Assignment: What is needed is the full listing written out exactly, minus the pictures.

Collected material START

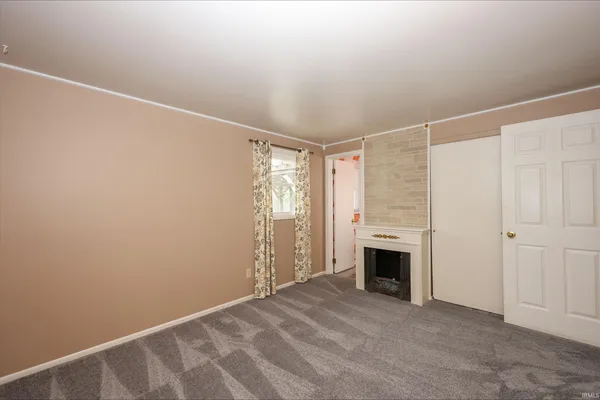 $239,900 | 1305 Berwick Lane, New Haven, IN 46774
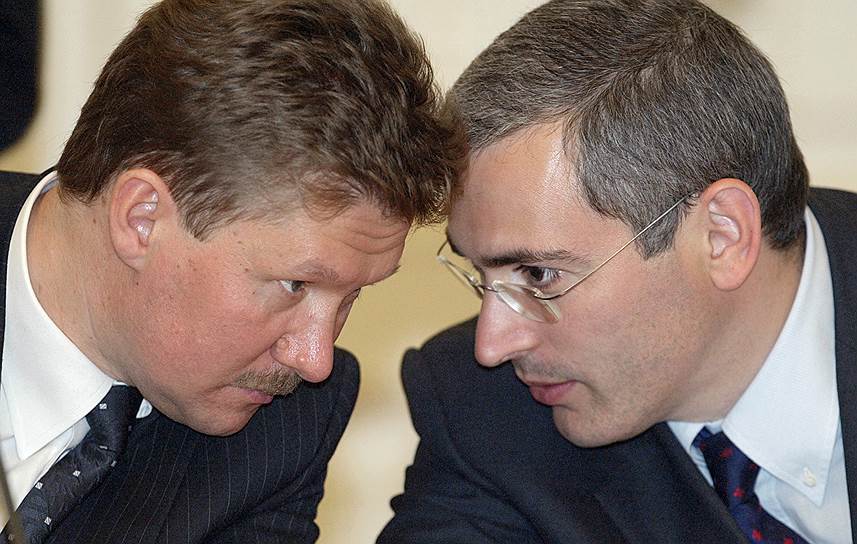Глава РАО «Газпром» Алексей Миллер (слева) и председатель правления НК ЮКОС Михаил Ходорковский (справа), 2003 год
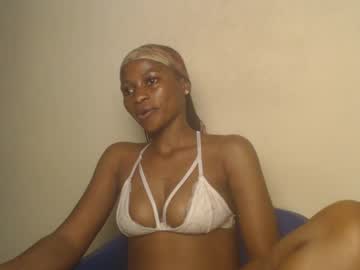 Juicypiexx Chaturbate stream image from December 18, 2024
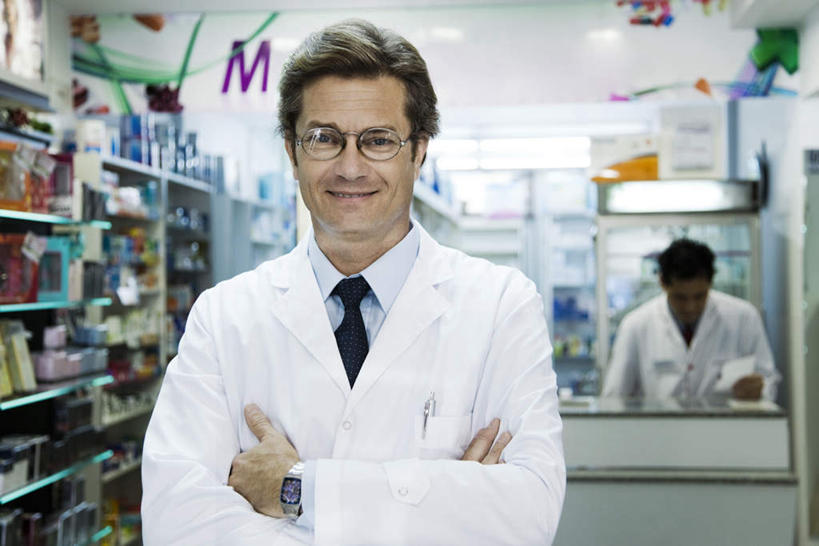 西方人,两个人,同事,医生,站,双手交叉,横图,室内,白天,正面,成功,合作,团队,集体,信心,欧洲,欧洲人,队伍,货架,柜台,药店,站着,医护人员,医疗人员,领导,双手抱胸,白大褂,成就,合伙,领袖,男人,男性,年轻男性,白种人,大夫,站立,半身,彩图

Collected material END

Exercise result:
 $239,900 | 1305 Berwick Lane, New Haven, IN 46774
Глава РАО «Газпром» Алексей Миллер (слева) и председатель правления НК ЮКОС Михаил Ходорковский (справа), 2003 год
 Juicypiexx Chaturbate stream image from December 18, 2024
 西方人,两个人,同事,医生,站,双手交叉,横图,室内,白天,正面,成功,合作,团队,集体,信心,欧洲,欧洲人,队伍,货架,柜台,药店,站着,医护人员,医疗人员,领导,双手抱胸,白大褂,成就,合伙,领袖,男人,男性,年轻男性,白种人,大夫,站立,半身,彩图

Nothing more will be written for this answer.